Below are the entries. Print only the lines starting at the one with "直播带货网红排行榜前十名免费vip版游戏截图" and ending at the one with "NEW BE Power", exactly, with no pictures.

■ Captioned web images
--- --- ---

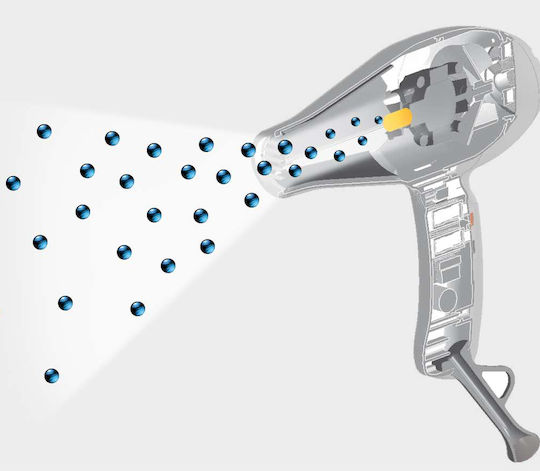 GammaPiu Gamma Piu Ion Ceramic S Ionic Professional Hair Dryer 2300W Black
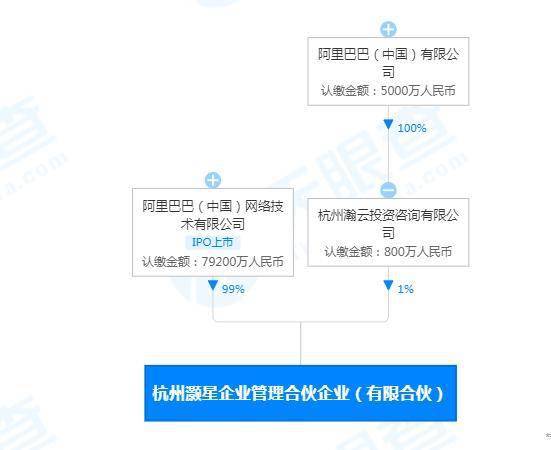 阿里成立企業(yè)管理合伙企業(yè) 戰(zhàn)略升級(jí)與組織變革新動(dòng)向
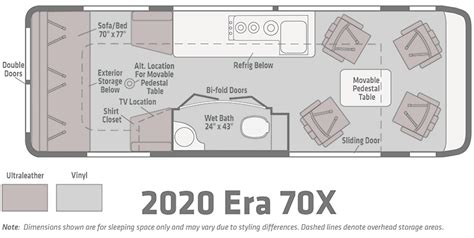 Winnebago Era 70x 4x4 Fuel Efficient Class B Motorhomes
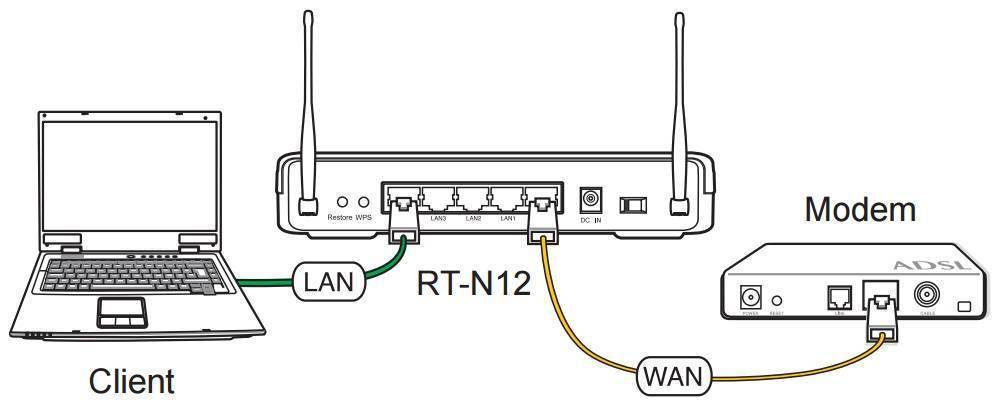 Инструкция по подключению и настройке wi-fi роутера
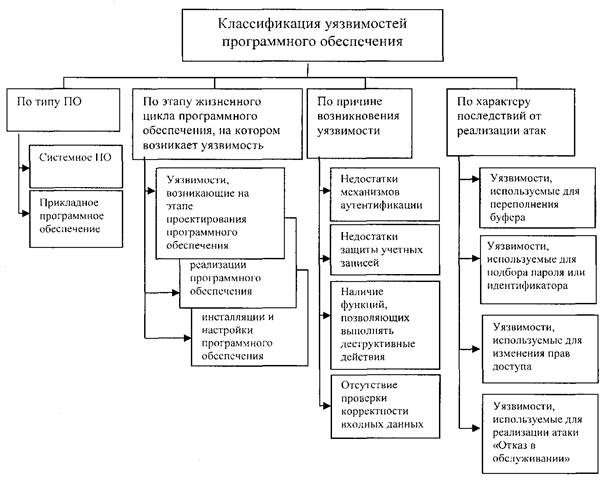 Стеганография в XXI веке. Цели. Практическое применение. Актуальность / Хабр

--- --- ---

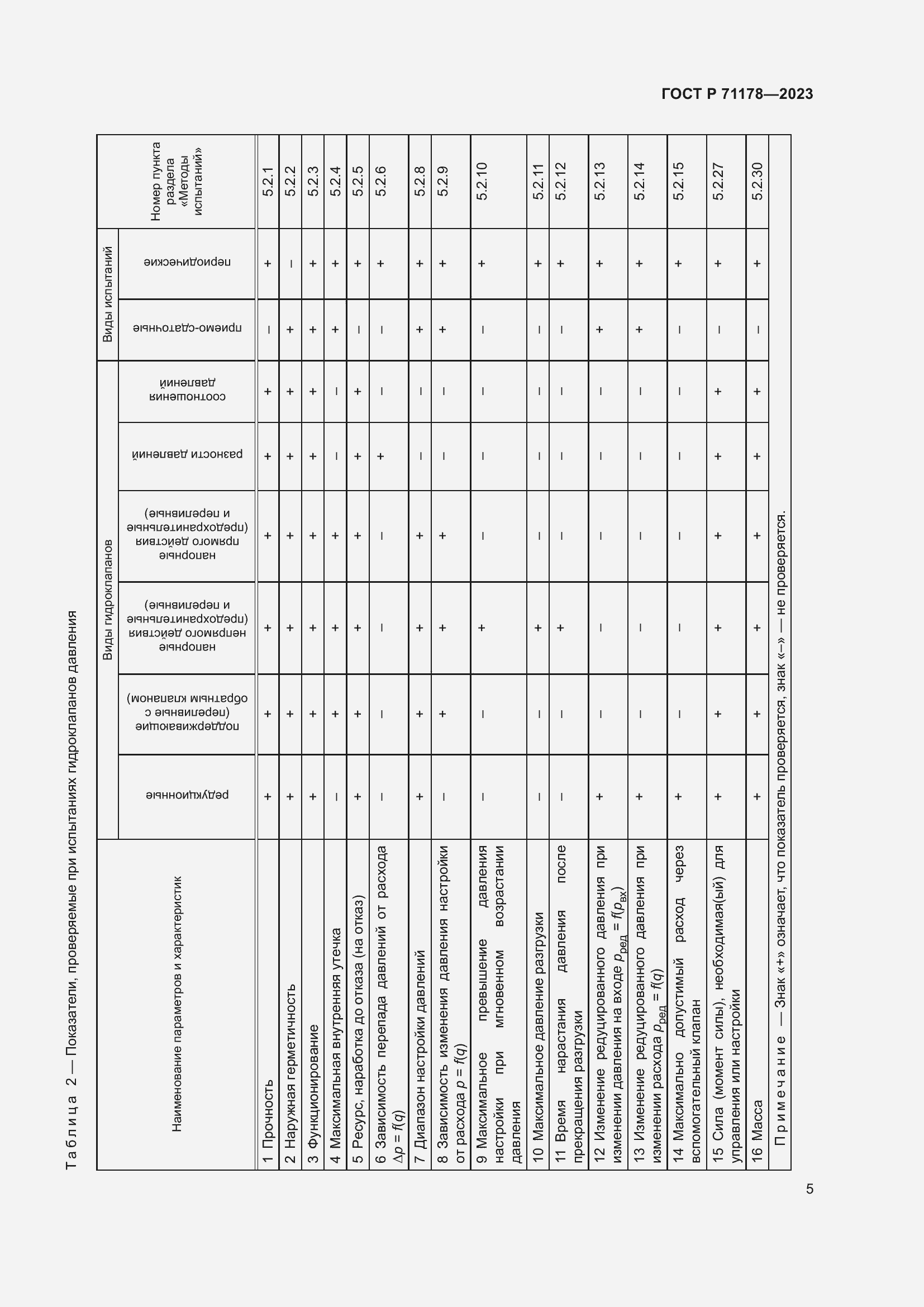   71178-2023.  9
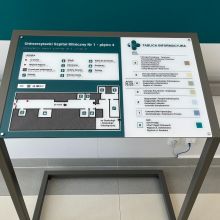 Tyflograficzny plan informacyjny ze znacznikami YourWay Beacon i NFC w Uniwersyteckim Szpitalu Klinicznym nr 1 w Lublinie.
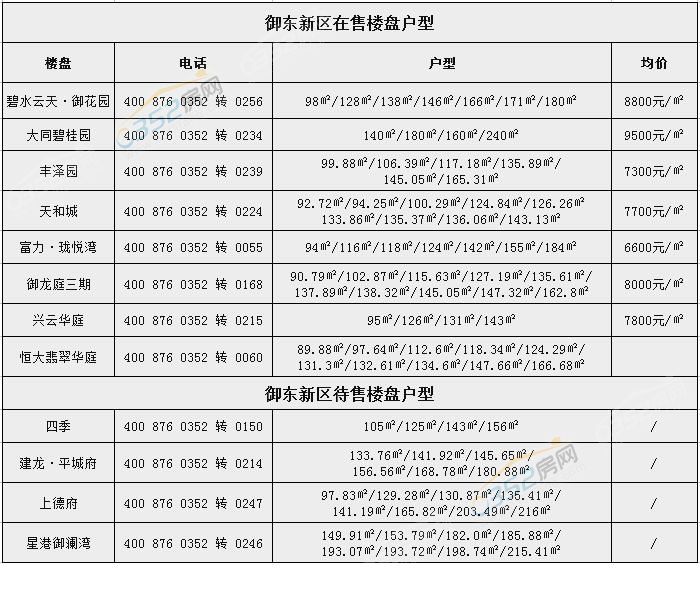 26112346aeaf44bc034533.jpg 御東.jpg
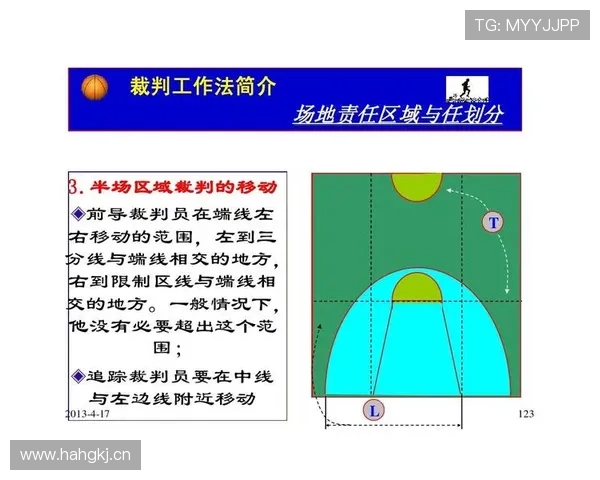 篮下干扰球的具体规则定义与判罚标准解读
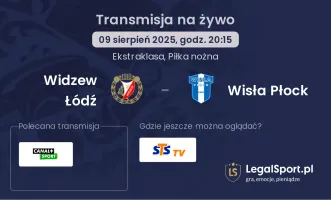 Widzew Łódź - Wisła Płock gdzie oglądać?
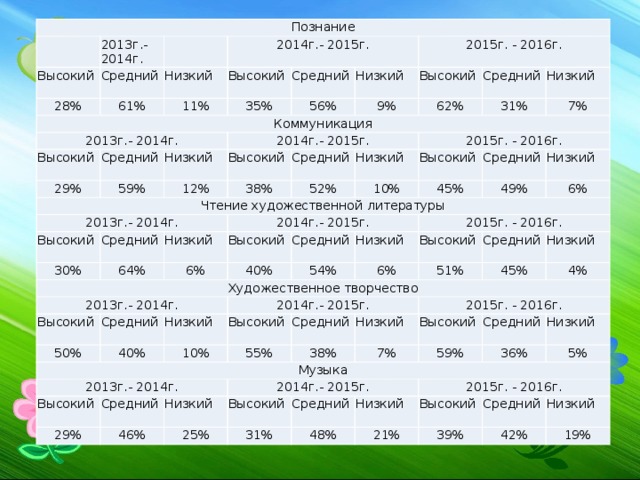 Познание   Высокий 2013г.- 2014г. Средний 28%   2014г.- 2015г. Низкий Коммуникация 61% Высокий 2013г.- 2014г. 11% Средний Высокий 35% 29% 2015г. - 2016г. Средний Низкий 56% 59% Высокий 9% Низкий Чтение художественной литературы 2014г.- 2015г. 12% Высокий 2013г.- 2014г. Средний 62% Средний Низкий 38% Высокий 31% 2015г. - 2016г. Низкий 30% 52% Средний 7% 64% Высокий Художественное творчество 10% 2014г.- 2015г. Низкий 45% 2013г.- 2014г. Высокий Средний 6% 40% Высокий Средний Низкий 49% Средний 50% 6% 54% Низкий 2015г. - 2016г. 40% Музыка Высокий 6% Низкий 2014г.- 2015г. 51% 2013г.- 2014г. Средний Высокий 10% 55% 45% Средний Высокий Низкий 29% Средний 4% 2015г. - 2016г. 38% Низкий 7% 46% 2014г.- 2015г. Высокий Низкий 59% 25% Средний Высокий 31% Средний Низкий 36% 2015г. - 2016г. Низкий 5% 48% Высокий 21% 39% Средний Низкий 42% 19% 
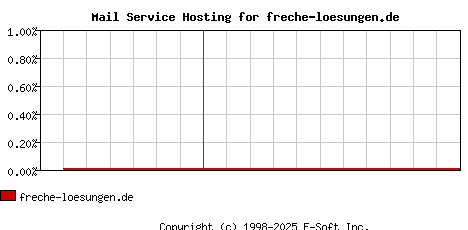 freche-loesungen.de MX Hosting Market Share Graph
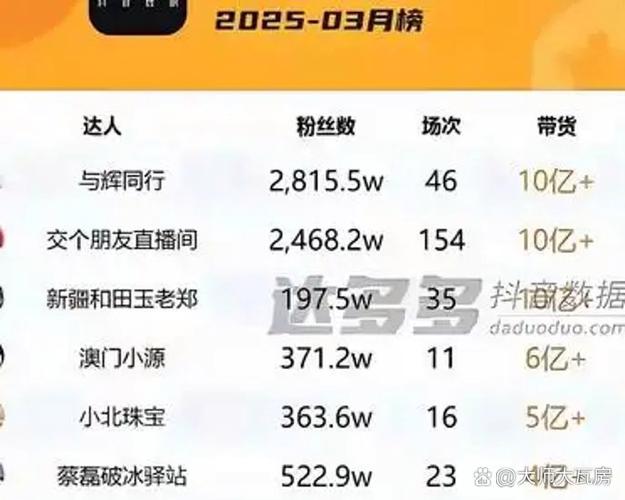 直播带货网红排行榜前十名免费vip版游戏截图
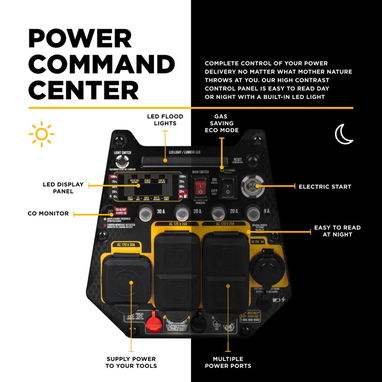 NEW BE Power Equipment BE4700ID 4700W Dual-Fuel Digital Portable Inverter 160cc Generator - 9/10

--- --- ---

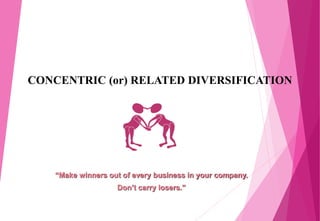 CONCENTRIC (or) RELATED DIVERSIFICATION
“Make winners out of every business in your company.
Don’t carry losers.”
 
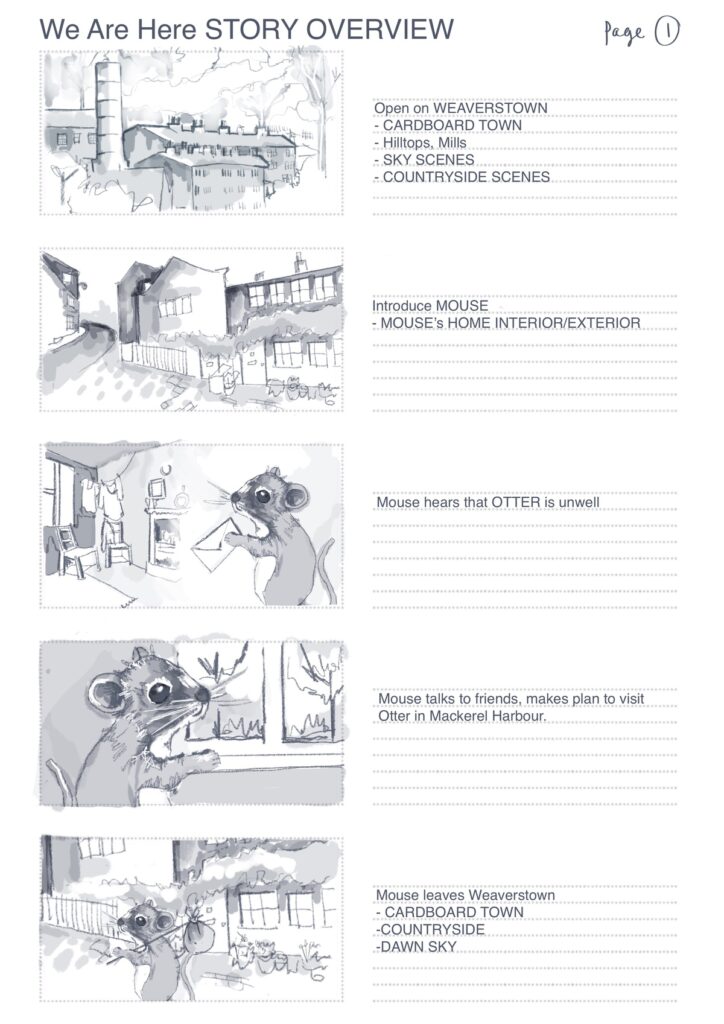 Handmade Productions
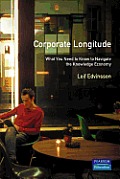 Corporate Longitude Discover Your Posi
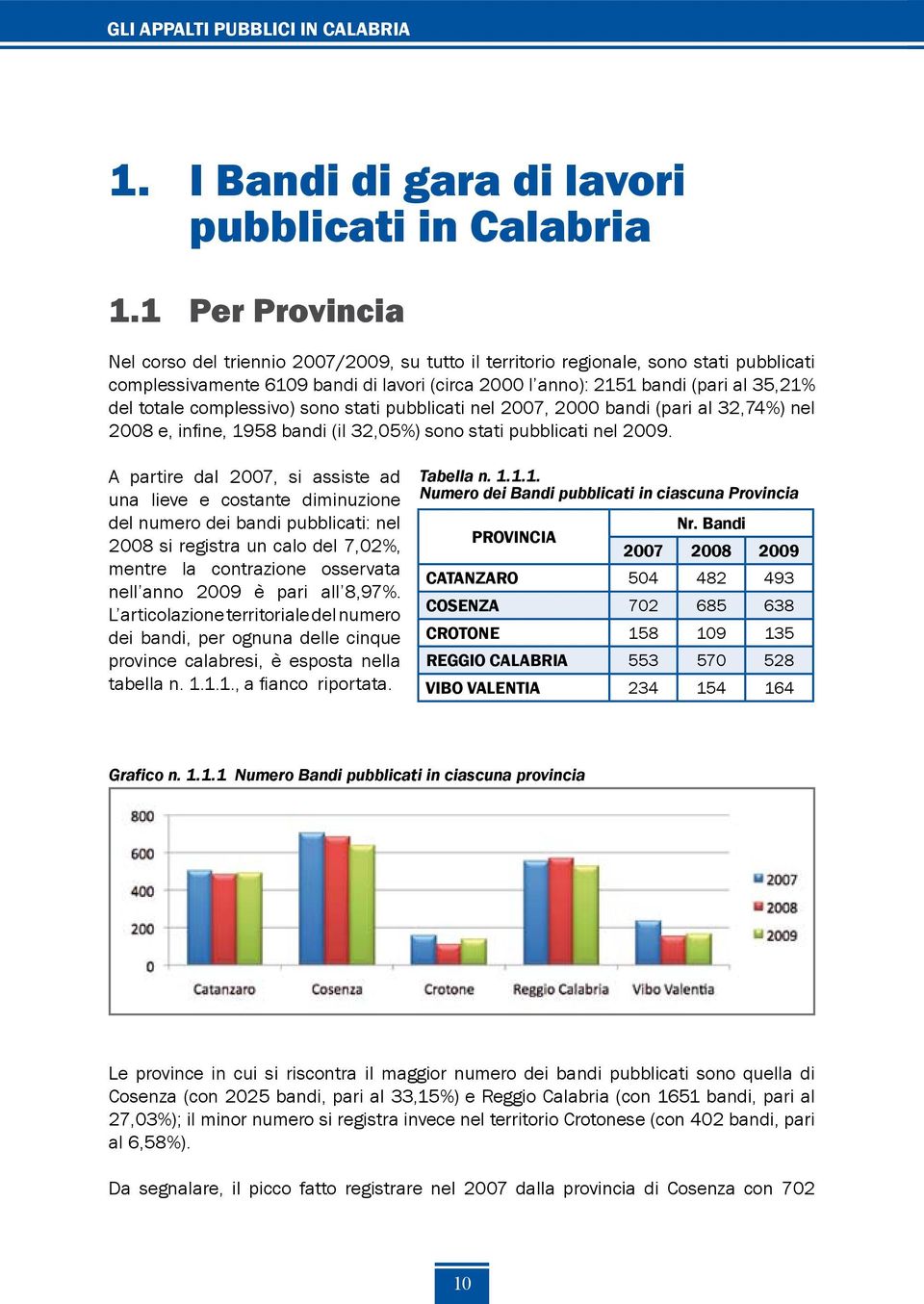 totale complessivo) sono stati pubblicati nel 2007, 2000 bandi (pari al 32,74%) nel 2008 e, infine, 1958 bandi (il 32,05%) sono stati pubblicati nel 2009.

--- --- ---

■ Output of the task
 直播带货网红排行榜前十名免费vip版游戏截图
 NEW BE Power Equipment BE4700ID 4700W Dual-Fuel Digital Portable Inverter 160cc Generator - 9/10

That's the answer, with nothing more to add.